Pass one or more membership files to -s/--set-name. Each existing file is treated as a membership list, and its basename (without extension) becomes the set column name:

cremdb_create -i input_with_ids.smi -o fragments.db \
  -s set1_ids.txt set2_ids.txt all_set
  • set1_ids.txt → column set1_ids
  • set2_ids.txt → column set2_ids
  • all_set is not an existing file, so it becomes a default set containing all molecules.

A fragment occurrence contributes to a set's count only when the source molecule's ID belongs to that set.

Membership file format

One molecule ID per line:

mol_0001
mol_0007
mol_0042

For membership to work, the input SMILES file must carry IDs in the second column:

CCO         mol_0001
c1ccccc1    mol_0002

Inspect the sets in a database

cremdb_get_set_names -i fragments.db

prints the set columns per radius table, e.g.:

radius1: ['chembl']
radius2: ['chembl']
radius3: ['chembl']

Equivalently, with SQLite:

PRAGMA table_info(radius3);

Any column other than env_id, core_smi_id, core_num_atoms, dist2, and is_ring_closure is a fragment-set frequency column.

Use a set at generation time

Choose the set(s) with set_names and the threshold with min_freq:

from rdkit import Chem
from crem.crem import mutate_mol

m = Chem.MolFromSmiles("c1ccccc1N")

# Fragments seen at least 5 times in set1_ids
res = list(mutate_mol(m, db_name="fragments.db", set_names="set1_ids", min_freq=5))

set_names accepts a single column name or a list.
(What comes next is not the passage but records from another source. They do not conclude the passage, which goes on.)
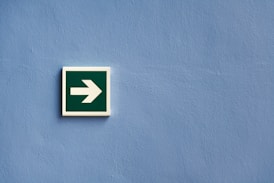 white and green arrow sign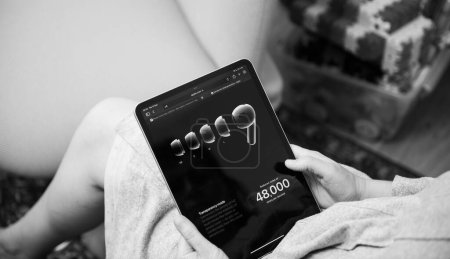 Téléchargez les photos : Londres, Royaume-Uni - 13 sept. 2023 : une femme est absorbée par son iPad Pro, en savoir plus sur le mode de transparence des ordinateurs Apple et les fonctionnalités de réduction du bruit pour les AirPods Pro 2e génération. - en image libre de droit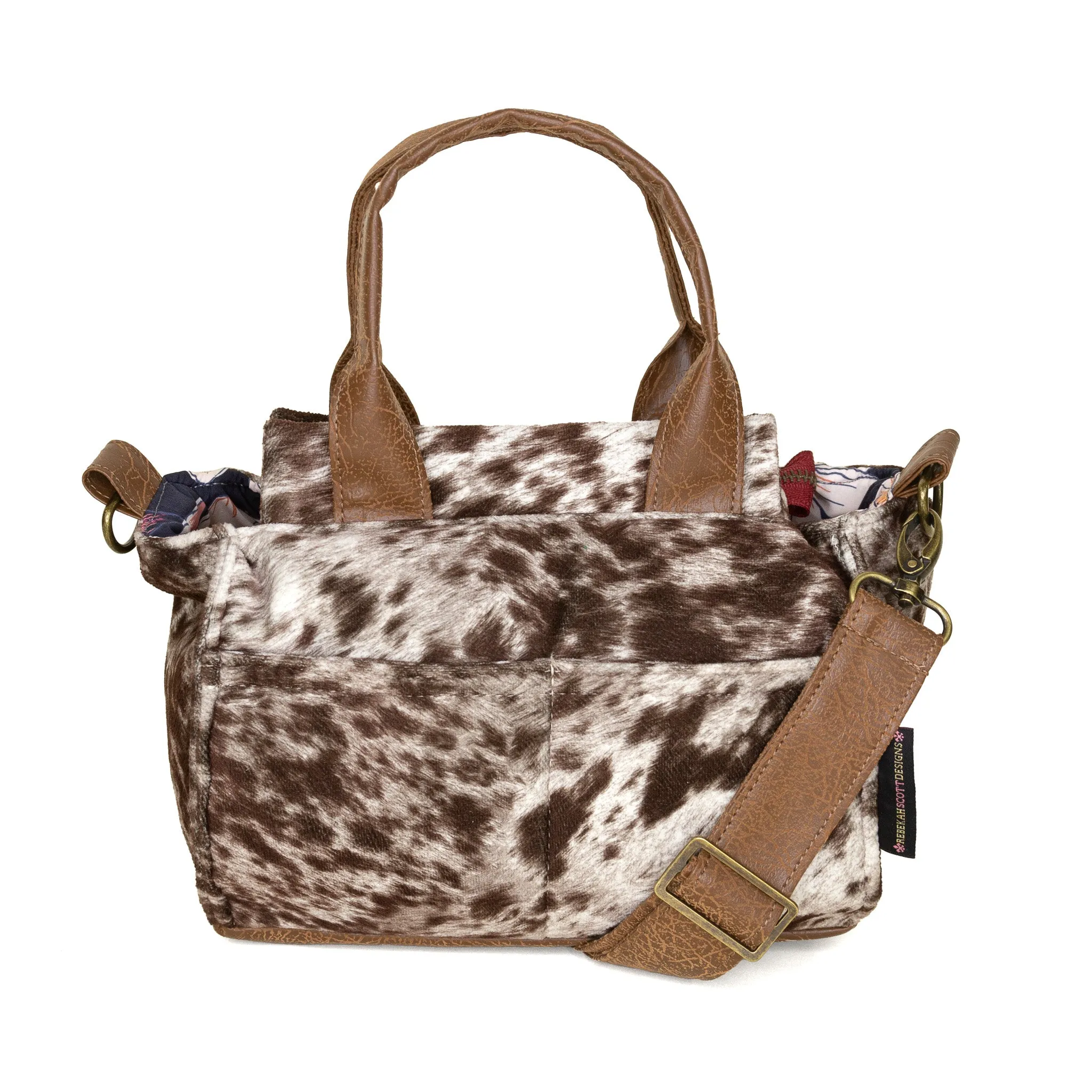 Sleek and minimalistic look complements any outfit Effortless Style Anita: Stampede Cowhide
When several sets are named, a fragment is included if any of them meets min_freq (OR logic). With set_names=None (default), all set columns are considered. Naming a column that does not exist raises a ValueError listing the available set names.

# Frequent in either set
res = list(mutate_mol(m, db_name="fragments.db",
                      set_names=["set1_ids", "set2_ids"], min_freq=3))